Monday, January 24, 2011

Eye Cream will save the world

Is there a zombie apocalypse happening in your crow's feet? Fear not, good citizens! Kiehl's Abyssine Eye Cream+ has SURVIVAL MOLECULES. I don't know what Survival Molecules are, or what they're supposed to do, but isn't it reassuring that you can put them on your face?


Are the creases beside your peepers like tiny abysses, with demons lurking in them? This is the product for you.


Seriously. This exists.

Tuesday, January 18, 2011

RUDE. Or: Fuck you, Media.

Today's post is a disapproving finger-waggle to Toronto Media. Seriously Miss Manners, where are you?? I know if you could see this you'd cut a bitch.

My twatter feed is lit up with livebloggers going on about Sgt Ryan Russell's funeral. His death in the line of duty makes me ill.

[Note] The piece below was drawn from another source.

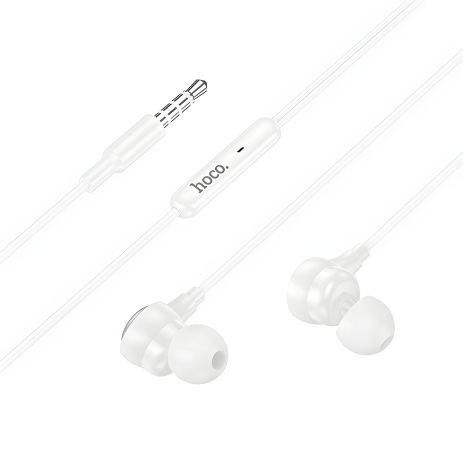 Дротові навушники HOCO M116 Benevolent universal earphones with microphone, 1.2m, 3.5mm, white Дротові навушники HOCO M116 Benevolent universal earphones with microphone, 1.2m, 3.5mm, white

I'm not that good about death to begin with and the idea of it being someone's job to die because there are lunatics about just makes me sad.

Having died in service to his city, it's definitely sensible that the city provides a funeral service large enough for the citizens to pay their respects despite never knowing him in life. What grosses me out though, is the media presence. A funeral is supposed to be a solemn and respectful time for people to say goodbye to a loved one. To have "journalists" tweeting every last detail as it happens or videotaping it for the 6 o'clock news is so fucking tacky that I wish I could raise Miss Manners to punch them all in the face. Get off your cell phones or get out - it's a funeral. By all means right a human interest piece on it after the fact. Totally appropriate. Nobody who isn't there needs to know the exact moment a body was lowered into the ground, or at which time there were bagpipers piping.

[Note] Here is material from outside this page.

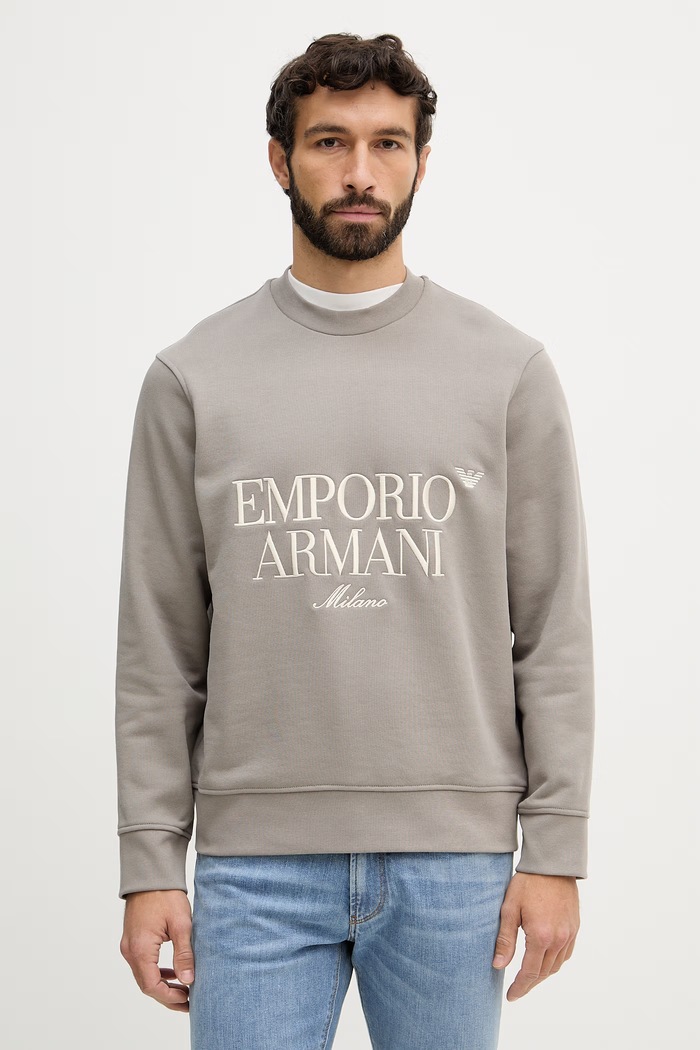 Emporio Armani hanorac de bumbac imprimeu bej EM005198.AF13713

So here's to all the "journalists" who thought it would be appropriate to peck away at their PDA's or stand behind a camera yapping into a mic instead of showing honest respect for someone who died protecting their city. Sensationalizing a funeral is disgusting and makes you an attention whoring hack, not a respectable journalist. Would you want a bunch of people videotaping you if he was your brother? Your son? Your husband? Or would you rather be left to mourn in private with the comfort of your family and friends?

Friday, January 14, 2011

Ew. Just... ew.

This one is nsfw. Be shocked if you must.

So my friend is sifting through his Grindr removing the unfortunate looking fellas to improve his experience when he stumbles across THIS PIC. (Ps: It's Toronto Mayor Rob Ford).

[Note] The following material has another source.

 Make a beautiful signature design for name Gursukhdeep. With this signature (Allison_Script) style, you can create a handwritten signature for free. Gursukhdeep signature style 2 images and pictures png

For those of you out there who don't know what Grindr is, it's an iphone app. Think lavalife, but at once more sophisticated and more caveman like. You scroll through random dudes arranged by GPS location til one strikes your fancy (aka tightens your manties) and you hit him up for a meaningful overnight fellationship. Perfect for those lazy caveman homos who don't want to have to drag someone far after they've clubbed him over the head.

First, EW. Second.. I thought politicians were supposed to arrange tranny hookers on poorly lit side streets. I pray to baby jebus and Sarah Jessica Parker that this isn't true... and if it is, all I offer is "GO BACK TO CRAIGSLIST AND LEAVE THE SHINY IPHONES ALONE."
Third, Ewwww. A lot. More than a lot.

I'm going with the assumption that this is a cruel cruel joke. Well played, whoever you are. Your actions have caused my likely irreversible running to the dark side. Go easy on me ladies, I'm new at this.